Soho Photo Relocates Again, This Time to Chelsea, and First Exhibition There Is Aptly Titled: ‘Move/Moving/Movement’
The exhibition retains Soho Photo’s promise to provide a forum where ‘serious photographers could exhibit their personal work and exchange ideas, learn and grow as artists.’

Soho Photo, a cooperative gallery dedicated to the art of photography, hasn’t been in Soho for more than half a century. The venue got up-and-running in 1971, squared away in a loft at the intersection of Prince Street and West Broadway. This was back when the area south of Houston Street was populated by — no, not high-end hotels, luxury boutiques, and scads of tourists but struggling artists, scrappy galleries, and bars offering bottomless libations that didn’t cost an arm-and-a-leg.
Soho Photo moved out of Soho a year after its establishment for reasons less related to the vagaries of real estate, as one might expect, than to photographers taking out their checkbooks: Membership skyrocketed and additional exhibition space proved a necessity.

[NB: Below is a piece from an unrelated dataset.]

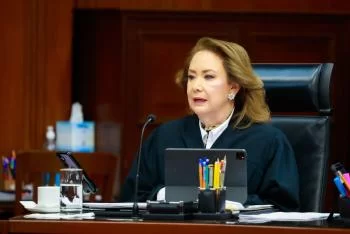 RESPALDA MINISTRA ESQUIVEL ANULACIÓN DE PLAZO MÍNIMO PARA ACCEDER A PENSIÓN POR VIUDEZ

The gallery packed its bags, moved to 13th Street, and spent five years at Greenwich Village advocating on behalf of photographers the world over. The need for more walls warranted another move, this time to a cavernous, old-school Tribeca venue that had once been an egg storage facility.
After 45 years on White Street, Soho Photo is on the trail again, traveling uptown and going new-school in the process — to the extent that the Chelsea area of Manhattan remains a hub of the international art market. The soon-to-be-opened gallery on West 23rd Street is sleeker than the old digs, and you’d best believe the jerry-rigged charm of the White Street space will be missed. What, a regular visitor can’t help but wonder, will be the fate of its fabled restroom?
The debut exhibition at Chelsea, aptly titled “Move/Moving/Movement,” retains Soho Photo’s promise to provide a forum where “serious photographers could exhibit their personal work and exchange ideas, learn and grow as artists.” The members of the cooperative are a scrappy lot, having strained their backs plastering, painting, and otherwise putting together the new venue over the past few months. The gallery scene is often perceived, and not without reason, as crass and commercial. Labors of love are few-and-far-between. Soho Photo is one of them.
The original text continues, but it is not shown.